George Zimmerman, the man charged in Trayvon’s shooting death, gave an “exclusive interview” earlier this week with Sean Hannity.  In what can barely be described as an interview (more like a scripted convo where he was practically being fed the answers), Zimmerman said he didn’t regret carrying a gun, didn’t regret getting out of his car and pretty much took no responsibility for his own actions.  He painted Trayvon as some sort of thug who ran up on him and attacked him, as opposed to the fact that Zimmerman himself initiated the entire situation because he thought he saw someone “suspicious.”  It was Zimmerman who profiled Trayvon, it was Zimmerman that had the gun (as he liked to put it), and it was Zimmerman that shot and killed an unarmed child who was carrying Skittles and an iced tea.

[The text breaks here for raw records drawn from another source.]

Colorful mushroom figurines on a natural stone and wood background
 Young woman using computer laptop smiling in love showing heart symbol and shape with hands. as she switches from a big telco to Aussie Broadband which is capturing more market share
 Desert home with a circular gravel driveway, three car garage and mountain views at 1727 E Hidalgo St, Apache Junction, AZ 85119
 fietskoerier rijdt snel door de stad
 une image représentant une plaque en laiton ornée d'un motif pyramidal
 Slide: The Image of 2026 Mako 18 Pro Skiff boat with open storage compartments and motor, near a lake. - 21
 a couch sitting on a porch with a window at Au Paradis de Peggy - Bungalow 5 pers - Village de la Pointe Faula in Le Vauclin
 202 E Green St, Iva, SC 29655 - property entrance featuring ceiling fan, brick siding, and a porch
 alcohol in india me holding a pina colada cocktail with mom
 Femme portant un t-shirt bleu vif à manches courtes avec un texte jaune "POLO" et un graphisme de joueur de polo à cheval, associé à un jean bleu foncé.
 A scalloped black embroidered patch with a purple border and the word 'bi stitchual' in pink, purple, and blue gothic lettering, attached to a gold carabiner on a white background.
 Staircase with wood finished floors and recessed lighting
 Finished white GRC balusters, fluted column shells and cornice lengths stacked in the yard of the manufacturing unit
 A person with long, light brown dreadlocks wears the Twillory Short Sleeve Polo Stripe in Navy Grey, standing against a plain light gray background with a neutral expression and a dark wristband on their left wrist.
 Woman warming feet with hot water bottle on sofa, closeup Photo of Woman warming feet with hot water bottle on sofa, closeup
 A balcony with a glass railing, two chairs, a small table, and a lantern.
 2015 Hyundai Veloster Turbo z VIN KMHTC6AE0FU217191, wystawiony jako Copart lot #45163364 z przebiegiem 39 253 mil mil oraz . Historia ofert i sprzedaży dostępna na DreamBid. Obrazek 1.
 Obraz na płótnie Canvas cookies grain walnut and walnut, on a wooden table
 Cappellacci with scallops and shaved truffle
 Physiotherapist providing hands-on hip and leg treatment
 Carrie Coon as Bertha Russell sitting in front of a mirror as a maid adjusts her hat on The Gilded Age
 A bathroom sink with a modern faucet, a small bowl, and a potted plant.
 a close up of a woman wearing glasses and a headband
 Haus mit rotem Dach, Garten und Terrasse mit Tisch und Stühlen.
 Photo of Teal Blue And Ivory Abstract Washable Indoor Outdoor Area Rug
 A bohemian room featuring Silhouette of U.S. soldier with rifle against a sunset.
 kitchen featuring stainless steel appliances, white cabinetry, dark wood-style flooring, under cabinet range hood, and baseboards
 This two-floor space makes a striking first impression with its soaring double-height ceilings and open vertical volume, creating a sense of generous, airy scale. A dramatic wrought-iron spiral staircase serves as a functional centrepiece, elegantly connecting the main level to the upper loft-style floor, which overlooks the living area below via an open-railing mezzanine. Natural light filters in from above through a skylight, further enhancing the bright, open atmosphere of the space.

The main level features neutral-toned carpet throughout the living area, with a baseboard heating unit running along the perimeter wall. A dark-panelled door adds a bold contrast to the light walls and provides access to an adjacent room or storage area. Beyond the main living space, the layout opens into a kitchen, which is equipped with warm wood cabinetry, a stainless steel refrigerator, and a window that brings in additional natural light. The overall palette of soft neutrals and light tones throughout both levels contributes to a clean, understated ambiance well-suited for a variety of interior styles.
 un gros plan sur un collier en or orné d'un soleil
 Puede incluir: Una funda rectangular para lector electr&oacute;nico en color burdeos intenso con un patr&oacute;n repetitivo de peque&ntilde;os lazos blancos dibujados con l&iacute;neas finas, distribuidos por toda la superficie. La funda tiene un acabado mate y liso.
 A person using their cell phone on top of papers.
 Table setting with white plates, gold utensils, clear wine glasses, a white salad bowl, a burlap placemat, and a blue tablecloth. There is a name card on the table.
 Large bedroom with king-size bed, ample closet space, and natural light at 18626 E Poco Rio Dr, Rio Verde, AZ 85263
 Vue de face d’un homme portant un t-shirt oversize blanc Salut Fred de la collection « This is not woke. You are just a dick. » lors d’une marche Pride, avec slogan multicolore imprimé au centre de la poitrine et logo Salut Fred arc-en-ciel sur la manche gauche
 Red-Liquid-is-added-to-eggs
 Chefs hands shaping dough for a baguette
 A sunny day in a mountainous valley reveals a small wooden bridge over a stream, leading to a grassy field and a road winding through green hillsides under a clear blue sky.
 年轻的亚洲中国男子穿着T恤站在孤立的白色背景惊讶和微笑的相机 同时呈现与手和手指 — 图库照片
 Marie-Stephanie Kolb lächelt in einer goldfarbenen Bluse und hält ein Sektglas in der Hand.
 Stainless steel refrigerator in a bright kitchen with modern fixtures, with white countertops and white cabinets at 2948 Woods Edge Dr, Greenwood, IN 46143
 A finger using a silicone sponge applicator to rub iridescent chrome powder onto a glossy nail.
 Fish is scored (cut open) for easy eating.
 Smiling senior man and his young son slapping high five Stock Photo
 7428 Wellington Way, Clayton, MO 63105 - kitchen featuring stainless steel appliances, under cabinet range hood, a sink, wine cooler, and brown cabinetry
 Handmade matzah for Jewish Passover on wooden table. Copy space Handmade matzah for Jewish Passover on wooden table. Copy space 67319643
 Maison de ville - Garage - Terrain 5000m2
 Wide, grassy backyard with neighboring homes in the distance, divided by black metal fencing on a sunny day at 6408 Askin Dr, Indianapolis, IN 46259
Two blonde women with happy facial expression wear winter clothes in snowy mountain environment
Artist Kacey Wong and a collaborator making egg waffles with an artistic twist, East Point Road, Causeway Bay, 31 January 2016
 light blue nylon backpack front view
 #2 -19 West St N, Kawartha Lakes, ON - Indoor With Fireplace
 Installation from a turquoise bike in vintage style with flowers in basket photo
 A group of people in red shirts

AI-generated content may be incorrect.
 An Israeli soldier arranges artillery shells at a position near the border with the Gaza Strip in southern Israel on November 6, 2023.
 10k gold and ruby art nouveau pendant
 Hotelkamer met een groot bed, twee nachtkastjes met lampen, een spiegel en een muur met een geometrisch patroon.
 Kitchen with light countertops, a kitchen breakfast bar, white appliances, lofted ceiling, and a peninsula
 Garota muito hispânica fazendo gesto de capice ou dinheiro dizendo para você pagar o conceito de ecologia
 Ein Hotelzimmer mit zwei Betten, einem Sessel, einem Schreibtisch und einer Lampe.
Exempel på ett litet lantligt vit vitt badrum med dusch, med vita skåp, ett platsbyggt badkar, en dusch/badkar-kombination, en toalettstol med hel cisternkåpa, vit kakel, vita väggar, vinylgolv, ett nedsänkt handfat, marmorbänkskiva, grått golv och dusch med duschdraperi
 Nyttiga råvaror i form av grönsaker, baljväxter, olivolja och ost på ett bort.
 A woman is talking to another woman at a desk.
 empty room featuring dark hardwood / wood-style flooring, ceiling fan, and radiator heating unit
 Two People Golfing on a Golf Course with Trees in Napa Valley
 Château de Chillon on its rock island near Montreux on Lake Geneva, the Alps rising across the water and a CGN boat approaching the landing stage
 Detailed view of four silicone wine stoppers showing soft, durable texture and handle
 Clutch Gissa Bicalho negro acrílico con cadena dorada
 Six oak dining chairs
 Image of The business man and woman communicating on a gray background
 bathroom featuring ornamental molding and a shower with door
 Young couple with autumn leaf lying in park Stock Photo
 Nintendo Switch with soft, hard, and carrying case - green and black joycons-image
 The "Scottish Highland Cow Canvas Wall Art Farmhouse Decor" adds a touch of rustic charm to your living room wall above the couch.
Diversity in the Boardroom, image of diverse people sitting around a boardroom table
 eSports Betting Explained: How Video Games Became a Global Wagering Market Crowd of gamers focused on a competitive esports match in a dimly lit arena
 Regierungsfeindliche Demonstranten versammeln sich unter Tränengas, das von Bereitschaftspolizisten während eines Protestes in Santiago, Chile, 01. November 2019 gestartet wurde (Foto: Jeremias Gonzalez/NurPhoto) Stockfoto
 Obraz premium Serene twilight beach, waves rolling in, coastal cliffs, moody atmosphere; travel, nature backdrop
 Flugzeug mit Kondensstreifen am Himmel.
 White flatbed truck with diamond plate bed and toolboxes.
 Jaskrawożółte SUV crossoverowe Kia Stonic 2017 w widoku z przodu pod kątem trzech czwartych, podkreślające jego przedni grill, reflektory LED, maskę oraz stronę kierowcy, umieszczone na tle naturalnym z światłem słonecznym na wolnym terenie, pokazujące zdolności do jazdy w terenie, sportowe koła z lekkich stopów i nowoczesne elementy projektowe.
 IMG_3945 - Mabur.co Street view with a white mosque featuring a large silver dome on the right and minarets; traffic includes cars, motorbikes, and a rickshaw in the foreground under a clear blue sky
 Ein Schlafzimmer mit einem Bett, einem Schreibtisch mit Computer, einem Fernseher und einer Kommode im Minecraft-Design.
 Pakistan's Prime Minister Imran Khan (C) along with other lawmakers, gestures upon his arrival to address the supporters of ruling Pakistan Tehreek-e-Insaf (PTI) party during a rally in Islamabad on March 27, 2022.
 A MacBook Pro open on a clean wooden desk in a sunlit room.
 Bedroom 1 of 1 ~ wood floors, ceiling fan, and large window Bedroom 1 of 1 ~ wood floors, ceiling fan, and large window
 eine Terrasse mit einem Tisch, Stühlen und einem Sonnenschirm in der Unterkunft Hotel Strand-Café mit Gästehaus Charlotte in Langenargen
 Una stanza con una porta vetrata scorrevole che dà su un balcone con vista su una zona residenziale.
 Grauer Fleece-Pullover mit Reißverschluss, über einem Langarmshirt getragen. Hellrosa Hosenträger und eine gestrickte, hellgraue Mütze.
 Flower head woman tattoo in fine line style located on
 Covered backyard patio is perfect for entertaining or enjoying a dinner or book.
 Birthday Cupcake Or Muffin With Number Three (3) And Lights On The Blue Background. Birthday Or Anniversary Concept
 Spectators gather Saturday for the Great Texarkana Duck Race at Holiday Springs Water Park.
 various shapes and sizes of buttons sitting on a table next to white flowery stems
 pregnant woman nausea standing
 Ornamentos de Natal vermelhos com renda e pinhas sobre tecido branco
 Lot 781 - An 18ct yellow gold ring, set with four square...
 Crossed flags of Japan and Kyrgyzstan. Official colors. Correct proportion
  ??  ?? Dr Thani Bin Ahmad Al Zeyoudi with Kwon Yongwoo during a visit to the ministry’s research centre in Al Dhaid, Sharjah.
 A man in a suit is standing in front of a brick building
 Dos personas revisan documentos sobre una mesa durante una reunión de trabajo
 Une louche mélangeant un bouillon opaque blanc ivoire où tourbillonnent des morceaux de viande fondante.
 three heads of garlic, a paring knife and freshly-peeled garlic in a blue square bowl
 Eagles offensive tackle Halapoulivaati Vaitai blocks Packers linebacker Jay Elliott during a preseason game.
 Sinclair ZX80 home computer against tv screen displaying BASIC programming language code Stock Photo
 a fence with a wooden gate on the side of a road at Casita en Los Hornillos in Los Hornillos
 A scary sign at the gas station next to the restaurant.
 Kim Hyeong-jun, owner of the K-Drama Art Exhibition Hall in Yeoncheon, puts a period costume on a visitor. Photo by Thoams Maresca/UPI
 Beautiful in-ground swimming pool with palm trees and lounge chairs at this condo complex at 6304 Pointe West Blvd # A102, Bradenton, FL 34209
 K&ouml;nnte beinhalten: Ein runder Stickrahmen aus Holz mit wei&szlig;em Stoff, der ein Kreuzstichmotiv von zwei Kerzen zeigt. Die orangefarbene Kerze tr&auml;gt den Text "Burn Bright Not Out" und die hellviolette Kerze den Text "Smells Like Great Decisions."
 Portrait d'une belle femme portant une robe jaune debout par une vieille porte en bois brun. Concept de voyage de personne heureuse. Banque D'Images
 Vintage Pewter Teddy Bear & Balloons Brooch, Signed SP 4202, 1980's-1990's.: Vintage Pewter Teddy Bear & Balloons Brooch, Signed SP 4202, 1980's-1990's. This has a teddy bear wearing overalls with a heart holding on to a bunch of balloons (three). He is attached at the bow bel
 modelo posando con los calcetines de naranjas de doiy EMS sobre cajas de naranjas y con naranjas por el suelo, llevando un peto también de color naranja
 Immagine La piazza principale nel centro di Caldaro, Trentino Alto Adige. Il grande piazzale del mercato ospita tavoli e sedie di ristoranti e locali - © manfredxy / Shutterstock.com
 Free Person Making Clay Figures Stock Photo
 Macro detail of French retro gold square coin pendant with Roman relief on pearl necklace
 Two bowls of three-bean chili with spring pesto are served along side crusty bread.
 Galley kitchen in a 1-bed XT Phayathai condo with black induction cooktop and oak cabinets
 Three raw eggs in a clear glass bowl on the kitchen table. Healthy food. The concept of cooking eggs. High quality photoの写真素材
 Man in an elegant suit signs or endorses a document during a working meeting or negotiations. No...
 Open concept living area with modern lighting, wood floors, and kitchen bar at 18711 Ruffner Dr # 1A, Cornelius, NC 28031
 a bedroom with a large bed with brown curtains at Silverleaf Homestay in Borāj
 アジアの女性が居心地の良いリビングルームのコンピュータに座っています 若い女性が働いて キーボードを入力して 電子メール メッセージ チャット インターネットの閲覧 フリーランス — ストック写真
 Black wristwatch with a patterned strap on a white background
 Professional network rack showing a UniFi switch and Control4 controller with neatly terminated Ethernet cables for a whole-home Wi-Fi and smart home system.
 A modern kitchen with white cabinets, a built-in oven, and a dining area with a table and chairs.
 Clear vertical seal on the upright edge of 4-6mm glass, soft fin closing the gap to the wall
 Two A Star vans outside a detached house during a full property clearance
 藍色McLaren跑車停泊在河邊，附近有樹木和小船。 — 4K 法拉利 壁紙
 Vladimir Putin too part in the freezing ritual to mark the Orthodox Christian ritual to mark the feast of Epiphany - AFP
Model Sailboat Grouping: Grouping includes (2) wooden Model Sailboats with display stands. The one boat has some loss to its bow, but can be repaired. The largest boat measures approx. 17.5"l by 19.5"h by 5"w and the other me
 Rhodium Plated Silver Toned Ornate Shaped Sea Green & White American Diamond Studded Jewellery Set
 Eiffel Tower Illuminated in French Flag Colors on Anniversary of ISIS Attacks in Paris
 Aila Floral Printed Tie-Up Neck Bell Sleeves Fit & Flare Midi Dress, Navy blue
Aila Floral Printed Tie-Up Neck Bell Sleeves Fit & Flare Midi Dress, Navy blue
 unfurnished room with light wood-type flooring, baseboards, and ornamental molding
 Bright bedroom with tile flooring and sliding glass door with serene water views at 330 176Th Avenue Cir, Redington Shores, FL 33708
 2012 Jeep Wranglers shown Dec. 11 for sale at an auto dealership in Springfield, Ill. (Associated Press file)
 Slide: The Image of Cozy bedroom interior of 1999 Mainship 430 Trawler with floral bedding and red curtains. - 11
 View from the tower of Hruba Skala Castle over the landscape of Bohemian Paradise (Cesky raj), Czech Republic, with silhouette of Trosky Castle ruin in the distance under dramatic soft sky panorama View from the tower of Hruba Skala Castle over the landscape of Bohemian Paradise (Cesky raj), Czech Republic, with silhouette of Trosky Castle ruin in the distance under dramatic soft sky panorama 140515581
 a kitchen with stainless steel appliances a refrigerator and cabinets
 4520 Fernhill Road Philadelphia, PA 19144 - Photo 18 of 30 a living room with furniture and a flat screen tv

As a mother, I cannot even begin to imagine what it must have been like for Tracy and Sybrina to listen to that interview.  To have to hear the man charged with the murder of your son say he did nothing wrong, and that he wished he wasn’t “put into a position” where he had to take a life was insulting, outrageous and ludicrous to them and to any one of us with a heart.  While Zimmerman tries to raise money and paints himself as somehow the victim, people cannot forget that an innocent boy was MURDERED.  TWO PARENTS BURIED THEIR CHILD.  And this man wasn’t even arrested for weeks.

Sometimes when cases become this big, or a situation receives a lot of attention, we lose sight of what really happened.  It’s easy for Zimmerman to sit there and tweak the story any which way he wants because there’s nobody here to counter his version of the truth.  Trayvon Martin is dead.  He will never be able to sit down for an exclusive interview.  He will never be able to grow up, go to college, get married, have babies of his own or have a successful career.  He will never be able to tell his adoring parents that he loves them again, because he was killed on his way home.

Trayvon isn’t here to tell us what happened that night, so we must make it our duty to speak for him and the other voiceless victims in our society.  Whether you are Black, White, Latino, Asian, Native American, or other, it does not matter; just imagine if Trayvon was your son.

Justice can and will prevail for the sake of Trayvon, his parents and all of us.  And we will not stop speaking until it does.